Tersangka Pernah Terlibat Kasus Serupa

Komisaris Polisi Sabah, Datuk Jauteh bin Dikun, dalam pernyataan resmi, mengonfirmasi penangkapan ini. Sebuah ponsel merek Vivo turut disita dari tersangka. Hasil pemeriksaan awal pada perangkat tersebut menunjukkan bahwa tersangka adalah pengelola akun TikTok yang membuat unggahan bermasalah tersebut.

Lebih lanjut, hasil pemeriksaan juga mengungkapkan bahwa tersangka memiliki dua catatan kriminal sebelumnya terkait penyalahgunaan fasilitas jaringan. Kasus ini sedang diselidiki di bawah Seksyen 4(1) Akta Hasutan 1948, Seksyen 505(b) Kanun Keseksaan, dan Seksyen 233 Akta Komunikasi dan Multimedia Malaysia 1998.

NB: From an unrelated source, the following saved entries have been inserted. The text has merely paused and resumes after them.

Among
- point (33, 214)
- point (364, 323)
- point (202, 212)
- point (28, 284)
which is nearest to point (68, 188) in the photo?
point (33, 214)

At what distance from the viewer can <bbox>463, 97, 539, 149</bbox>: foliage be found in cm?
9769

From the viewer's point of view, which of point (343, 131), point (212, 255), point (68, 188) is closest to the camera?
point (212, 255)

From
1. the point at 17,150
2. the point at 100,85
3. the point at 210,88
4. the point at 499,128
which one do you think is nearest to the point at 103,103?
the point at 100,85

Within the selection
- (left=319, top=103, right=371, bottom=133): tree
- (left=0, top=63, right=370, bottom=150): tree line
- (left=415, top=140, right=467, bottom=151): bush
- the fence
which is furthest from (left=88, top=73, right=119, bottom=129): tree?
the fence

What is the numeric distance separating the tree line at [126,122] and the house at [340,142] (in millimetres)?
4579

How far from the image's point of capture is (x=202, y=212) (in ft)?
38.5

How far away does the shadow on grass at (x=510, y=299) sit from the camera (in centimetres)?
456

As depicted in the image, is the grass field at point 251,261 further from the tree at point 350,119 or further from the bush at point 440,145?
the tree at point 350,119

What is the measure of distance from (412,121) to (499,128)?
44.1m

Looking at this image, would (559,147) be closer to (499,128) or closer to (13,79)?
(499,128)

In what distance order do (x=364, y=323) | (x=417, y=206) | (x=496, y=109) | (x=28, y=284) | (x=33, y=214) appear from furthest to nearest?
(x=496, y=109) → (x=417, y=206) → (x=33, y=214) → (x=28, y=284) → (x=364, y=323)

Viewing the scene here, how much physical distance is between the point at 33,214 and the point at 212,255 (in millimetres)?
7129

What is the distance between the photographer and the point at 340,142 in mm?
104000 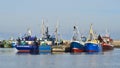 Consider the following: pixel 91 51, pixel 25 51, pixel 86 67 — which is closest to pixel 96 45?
pixel 91 51

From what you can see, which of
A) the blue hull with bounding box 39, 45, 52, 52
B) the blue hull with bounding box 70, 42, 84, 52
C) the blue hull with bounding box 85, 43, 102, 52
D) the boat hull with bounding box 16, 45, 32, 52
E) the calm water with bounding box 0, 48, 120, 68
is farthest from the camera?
the blue hull with bounding box 85, 43, 102, 52

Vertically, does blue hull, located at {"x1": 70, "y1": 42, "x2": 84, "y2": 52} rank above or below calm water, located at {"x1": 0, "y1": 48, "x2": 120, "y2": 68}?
above

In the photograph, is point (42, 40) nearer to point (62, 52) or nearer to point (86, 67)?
point (62, 52)

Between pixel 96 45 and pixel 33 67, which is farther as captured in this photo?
pixel 96 45

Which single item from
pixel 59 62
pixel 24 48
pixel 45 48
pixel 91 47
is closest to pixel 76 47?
pixel 91 47

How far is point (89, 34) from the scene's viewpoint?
184125 millimetres

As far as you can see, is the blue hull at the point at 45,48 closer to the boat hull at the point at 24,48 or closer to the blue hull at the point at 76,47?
the boat hull at the point at 24,48

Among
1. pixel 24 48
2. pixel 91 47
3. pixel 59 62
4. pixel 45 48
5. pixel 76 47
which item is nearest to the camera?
pixel 59 62

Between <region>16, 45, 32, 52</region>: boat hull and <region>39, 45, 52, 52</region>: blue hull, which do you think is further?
<region>39, 45, 52, 52</region>: blue hull

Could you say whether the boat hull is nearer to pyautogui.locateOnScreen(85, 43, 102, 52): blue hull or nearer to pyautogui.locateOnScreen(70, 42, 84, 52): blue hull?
pyautogui.locateOnScreen(70, 42, 84, 52): blue hull

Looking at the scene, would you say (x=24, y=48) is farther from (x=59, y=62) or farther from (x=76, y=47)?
(x=59, y=62)

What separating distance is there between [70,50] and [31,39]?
20.1 m

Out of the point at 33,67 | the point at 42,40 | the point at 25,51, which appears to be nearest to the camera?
the point at 33,67

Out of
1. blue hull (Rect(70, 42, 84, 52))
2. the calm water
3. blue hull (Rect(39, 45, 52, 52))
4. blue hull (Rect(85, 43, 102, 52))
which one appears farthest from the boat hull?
the calm water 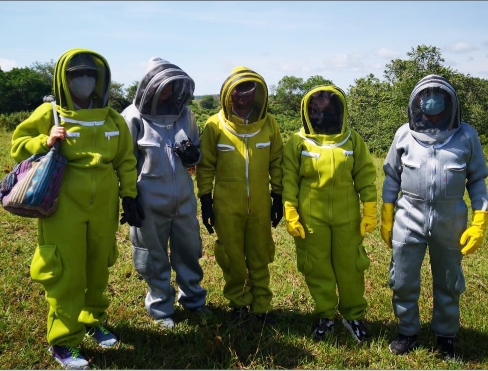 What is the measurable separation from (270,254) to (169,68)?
191 cm

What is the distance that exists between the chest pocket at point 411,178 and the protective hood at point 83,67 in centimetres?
241

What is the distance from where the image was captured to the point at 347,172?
365cm

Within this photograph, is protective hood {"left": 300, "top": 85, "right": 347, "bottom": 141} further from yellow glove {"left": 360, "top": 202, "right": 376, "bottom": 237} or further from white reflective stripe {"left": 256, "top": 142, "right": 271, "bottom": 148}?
yellow glove {"left": 360, "top": 202, "right": 376, "bottom": 237}

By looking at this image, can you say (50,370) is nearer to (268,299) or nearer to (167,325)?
(167,325)

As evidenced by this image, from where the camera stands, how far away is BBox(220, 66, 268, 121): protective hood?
3730 millimetres

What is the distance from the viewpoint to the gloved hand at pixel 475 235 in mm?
3279

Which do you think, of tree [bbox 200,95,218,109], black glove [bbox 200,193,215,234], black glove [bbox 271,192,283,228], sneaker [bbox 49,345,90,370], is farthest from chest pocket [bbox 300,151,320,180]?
tree [bbox 200,95,218,109]

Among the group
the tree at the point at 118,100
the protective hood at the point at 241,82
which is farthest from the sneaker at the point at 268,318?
the tree at the point at 118,100

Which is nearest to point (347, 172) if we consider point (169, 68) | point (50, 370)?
point (169, 68)

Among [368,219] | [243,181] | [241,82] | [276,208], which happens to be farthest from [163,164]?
[368,219]

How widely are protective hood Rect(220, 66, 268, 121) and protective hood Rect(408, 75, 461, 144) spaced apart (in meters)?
1.23

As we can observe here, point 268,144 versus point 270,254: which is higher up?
point 268,144

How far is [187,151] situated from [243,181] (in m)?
0.56

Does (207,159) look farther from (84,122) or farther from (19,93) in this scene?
(19,93)
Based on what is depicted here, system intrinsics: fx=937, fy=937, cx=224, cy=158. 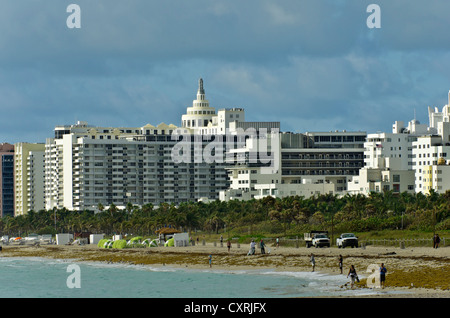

Imbauan Kepolisian untuk Pengguna Media Sosial

Polisi Diraja Malaysia (PDRM) mengimbau masyarakat agar selalu menggunakan media sosial dengan bijak dan bertanggung jawab. PDRM menekankan pentingnya berpikir matang sebelum mengunggah atau membagikan konten yang berpotensi mengganggu ketertiban umum dan menimbulkan keresahan.

PDRM menyatakan akan mengambil tindakan tegas terhadap setiap penyalahgunaan media sosial yang melanggar hukum demi menjaga keharmonisan masyarakat.